PARIS (Reuters) - Edouard Philippe a exprimé mardi sa "colère" face à la recrudescence des faits antisémites en France et souhaité une réponse mêlant sanctions et éducation.
Les faits antisémites ont augmenté de 74% l'an dernier, passant de 311 en 2017 à 541 en 2018, après deux années de baisse. En 2018, 183 actions antisémites ont été recensées (81 concernent des violences, tentatives d'homicide et un homicide et 102 des atteintes aux biens) ainsi que 358 menaces.
"Ces actes sont répugnants", a dit le Premier ministre lors de la séance des questions au gouvernement, à l'Assemblée.
"Je partage cette colère (...) face à des actes de plus en plus nombreux, qui visent les personnes ou les lieux, les actes antisémites contre la mémoire d'Ilan Halimi, les actes antisémites contre la mémoire de Simone Veil, les inscriptions placées çà et là sur telle ou telle enseigne", a-t-il ajouté.
Plusieurs inscriptions antisémites ont été relevées ces derniers jours. Le mot "Juden" inscrit sur une boutique de bagels dans le IVe arrondissement de Paris a déclenché l'ouverture d'une enquête pour dégradations volontaires aggravées et provocation à la haine raciale.

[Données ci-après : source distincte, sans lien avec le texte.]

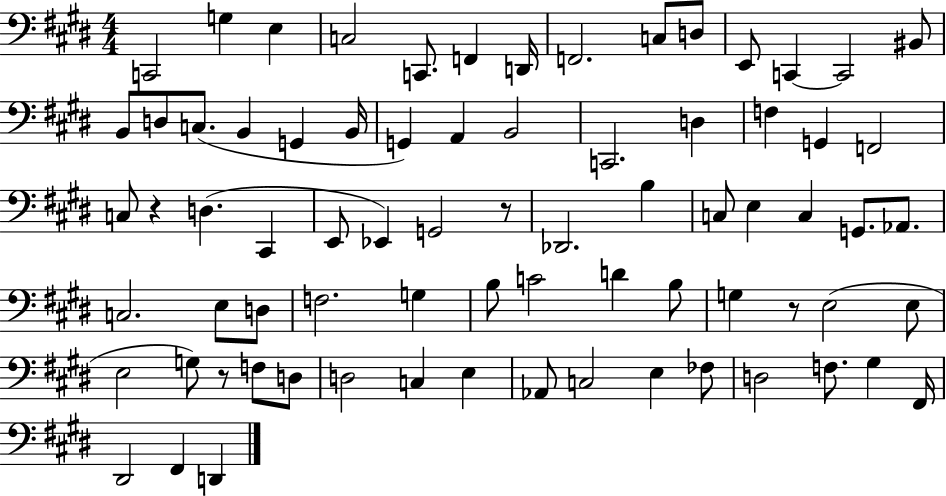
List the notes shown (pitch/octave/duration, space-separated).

C2/h G3/q E3/q C3/h C2/e. F2/q D2/s F2/h. C3/e D3/e E2/e C2/q C2/h BIS2/e B2/e D3/e C3/e. B2/q G2/q B2/s G2/q A2/q B2/h C2/h. D3/q F3/q G2/q F2/h C3/e R/q D3/q. C#2/q E2/e Eb2/q G2/h R/e Db2/h. B3/q C3/e E3/q C3/q G2/e. Ab2/e. C3/h. E3/e D3/e F3/h. G3/q B3/e C4/h D4/q B3/e G3/q R/e E3/h E3/e E3/h G3/e R/e F3/e D3/e D3/h C3/q E3/q Ab2/e C3/h E3/q FES3/e D3/h F3/e. G#3/q F#2/s D#2/h F#2/q D2/q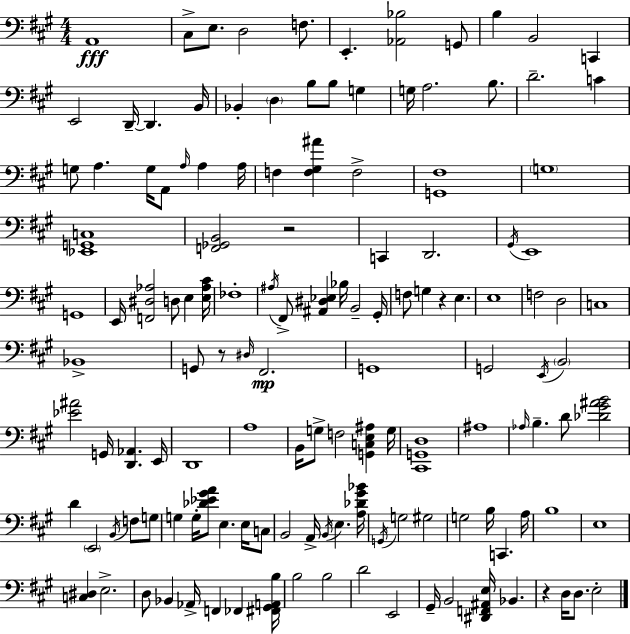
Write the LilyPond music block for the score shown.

{
  \clef bass
  \numericTimeSignature
  \time 4/4
  \key a \major
  a,1\fff | cis8-> e8. d2 f8. | e,4.-. <aes, bes>2 g,8 | b4 b,2 c,4 | \break e,2 d,16--~~ d,4. b,16 | bes,4-. \parenthesize d4 b8 b8 g4 | g16 a2. b8. | d'2.-- c'4 | \break g8 a4. g16 a,8 \grace { a16 } a4 | a16 f4 <f gis ais'>4 f2-> | <g, fis>1 | \parenthesize g1 | \break <ees, g, c>1 | <f, ges, b,>2 r2 | c,4 d,2. | \acciaccatura { gis,16 } e,1 | \break g,1 | e,16 <f, dis aes>2 d8 e4 | <e aes cis'>16 fes1-. | \acciaccatura { ais16 } fis,8-> <ais, dis ees>4 bes16 b,2-- | \break gis,16-. f8 g4 r4 e4. | e1 | f2 d2 | c1 | \break bes,1-> | g,8 r8 \grace { dis16 }\mp fis,2. | g,1 | g,2 \acciaccatura { e,16 } \parenthesize b,2 | \break <ees' ais'>2 g,16 <d, aes,>4. | e,16 d,1 | a1 | b,16 g8-> f2 | \break <g, c e ais>4 g16 <cis, g, d>1 | ais1 | \grace { aes16 } b4.-- d'8 <des' gis' ais' b'>2 | d'4 \parenthesize e,2 | \break \acciaccatura { b,16 } f8 g8 g4 g16-. <des' ees' gis' a'>8 e4. | e16 c8 b,2 a,16-> | \acciaccatura { b,16 } e4. <a des' gis' bes'>16 \acciaccatura { g,16 } g2 | gis2 g2 | \break b16 c,4. a16 b1 | e1 | <c dis>4 e2.-> | d8 bes,4 aes,16-> | \break f,4 fes,4 <fis, gis, a, b>16 b2 | b2 d'2 | e,2 gis,16-- b,2 | <dis, f, ais, e>16 bes,4. r4 d16 d8. | \break e2-. \bar "|."
}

A Paris, des portraits de Simone Veil ont été barrés de croix gammées et les arbres plantés en mémoire d'Ilan Halimi, jeune juif torturé et assassiné par le "gang des barbares" en 2006, ont été sectionnés à Sainte-Geneviève-des-Bois.
Le ministère de l'Intérieur Christophe Castaner, qui a communiqué mardi les chiffres des faits antisémites, a précisé que 824 sites liés à la communauté juive faisaient l'objet d'une protection.
Edouard Philippe a jugé qu'il fallait éduquer partout pour prévenir ces actes, dans les écoles, les familles ou les clubs de sport. Il a souligné que les agents publics étaient formés "pour ne jamais rien ignorer de ce qui se cache derrière ces actes" et évoqué une responsabilisation croissante des gestionnaires de réseaux sociaux.
LA LICRA VEUT DES CONDAMNATIONS PLUS RAPIDES
La Ligue internationale contre le racisme et l'antisémitisme (Licra) a demandé mardi la requalification en délits de droit commun des infractions racistes, antisémites, négationnistes et homophobes.
L'article 24 de la loi du 29 juillet 1881 sur la liberté de la presse définit notamment l'apologie de crimes contre l'humanité et précise que l'incitation à la haine raciale, religieuse ou ethnique est passible d'un an d'emprisonnement et de 45.000 euros d'amende.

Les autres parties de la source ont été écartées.